Changelog:

  • 23 August 2023: make examples consistent with prototype of string_split having a num_words argument; make examples of command-line have newlines show up more consistently across browsers
  • 23 August 2023: clarify that *num_words should be set by string_split (not by its caller)
  • 23 August 2023: avoid omitting declarations of result and size from examples
  • 23 August 2023: link to CSO1 labs as possible reference in hints
  • 25 August 2023: fix whitespace not being formatted properly on split example 1
  • 25 August 2023: tweak wording of hint on realloc to account for not imply initializing the space is mandatory
  • 29 August 2023: clarify that main.c should be possible to test with our own split.c
  • 31 August 2023: clarify in Your task that words can be zero-length (matching what is shown in the examples)
  • 1 Sep 2023: be more explicit about behavior for empty words at beginning/end in Your task
  • 8 Sep 2023: clarify that no-hard-coding does not mean no-special-cases.
  • 8 Sep 2023: give testing string_split with our own main as reason why everything string_split needs should be in split.c

1 Your task

  1. Create C files as follows:

    • in split.c, write an implementation of the function

       char **string_split(const char *input, const char *sep, int *num_words);

      The function should take a \0-terminated string input and a \0-terminated string listing separating characters in sep and return an array of words (of zero or more characters) separated by a sequence of one or more of the characters in sep. string_split should set *num_words to the size of the array. The returned array and each of the strings in that array should be allocated so that they can be freed using free().

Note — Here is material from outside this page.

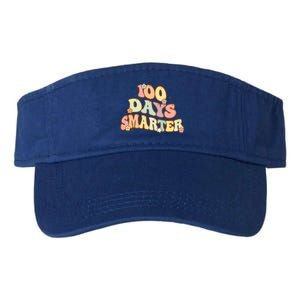 Groovy 100 Days Smarter Teacher Student 100th Day Of School Gift Valucap Bio-Washed Visor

      ([added 1 Sep:] As shown in the examples below, you should consider input to always start/end with a word, even if that word is empty, and otherwise not generate empty words even when there are multiple consecutive characters from sep.)

      In addition:

      • The function may not modify the input strings.
      • The function may not leak memory. (When the function returns, the only newly allocated memory should be pointed to by the value returned.)
      • We do not care what your function does if input is an empty string or if sep is an empty string.
      • We do not care what your function does if allocating memory fails (provided that your function does not try to allocate a huge amount of memory relative to the size of its arguments)

      Some examples of using this function are shown below.

      Your implementation may use additional utility functions, provided those are also in split.c (so we can easily test your split.c with our own main.c). It may also use any functions in the C standard library.

    • in split.h, write an appropriate header file declaring split.c and include #include guards to protect against multiple inclusion.

    • in main.c, write a main() function that:

      • constructs a value for sep by the command line arguments, or, if no command line arguments are provided, uses " \t". When there are command-line arguments, the value of sep should be the result of concatenating all the command line arguments. For example, if the main() is compiled into an executable split, then running

          ./split a b c

        or

         ./split abc

        or

         ./split ab c

        should choose a sep value of abc.

    • reads lines of input (without prompting). For each line, it should:

      • exit if the line is one period (.) with no other text or whitespace;
      • otherwise call string_split with that input and the chosen sep value, then print out the resulting array with each word surrounded by square brackets ([ and ]) and without spaces between words, followed by a newline, then frees the resulting array.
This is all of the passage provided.